* RECORDS PROVIDED *

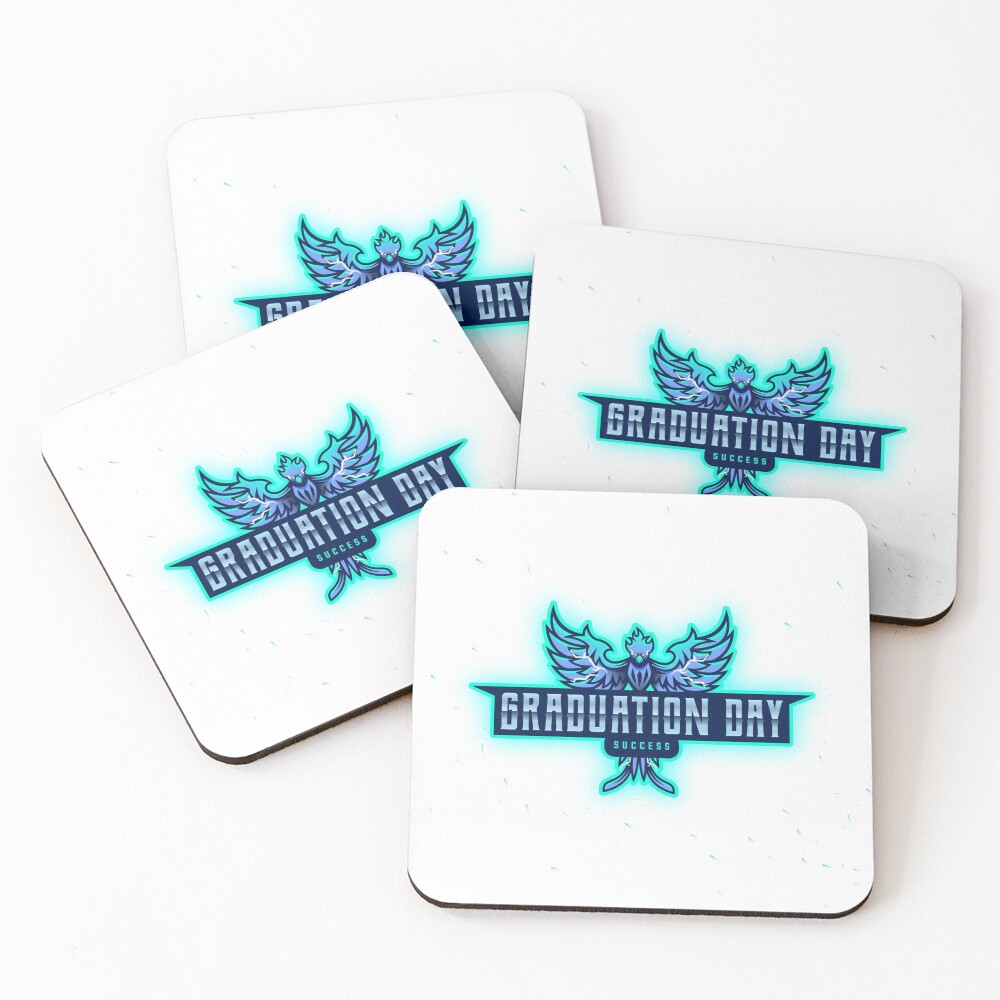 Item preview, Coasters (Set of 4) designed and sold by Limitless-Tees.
* * *
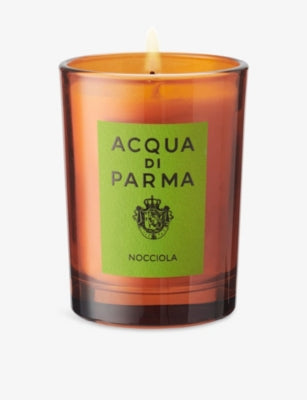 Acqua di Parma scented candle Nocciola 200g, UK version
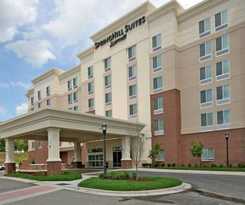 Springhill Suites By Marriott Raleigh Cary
---
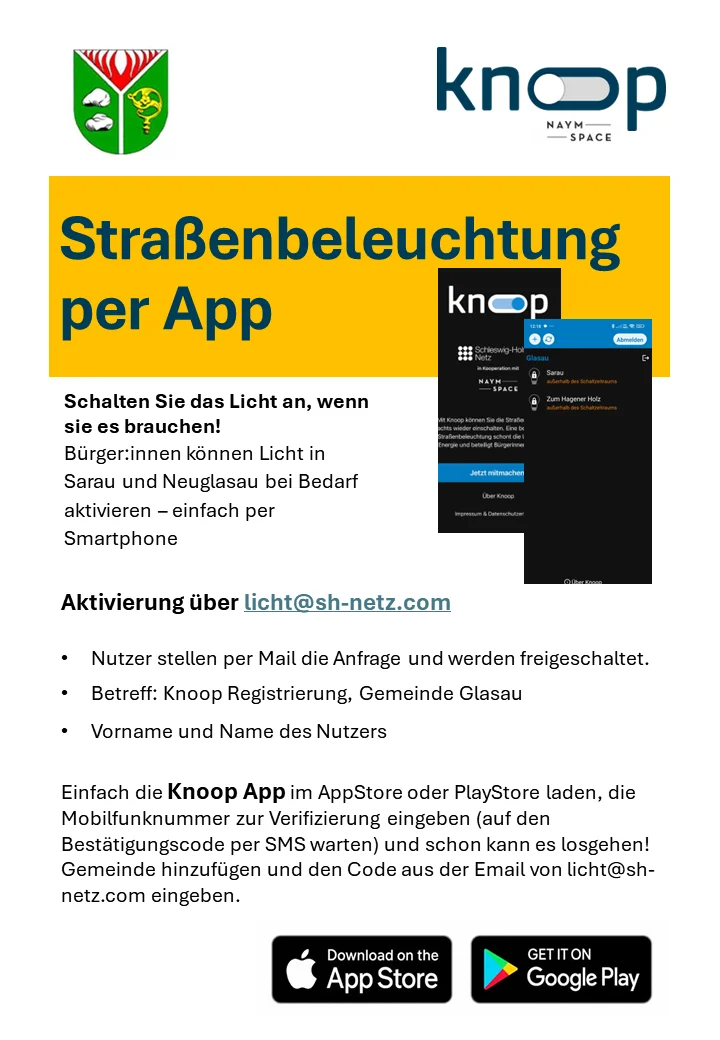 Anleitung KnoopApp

* YOUR INSTRUCTIONS *
Copy word for word the lines of the records above from the one with "Acqua di Parma" up to and including the one with "Springhill Suites By Marriott Raleigh Cary". Skip the pictures.

* ANSWER BOX *
 Acqua di Parma scented candle Nocciola 200g, UK version
 Springhill Suites By Marriott Raleigh Cary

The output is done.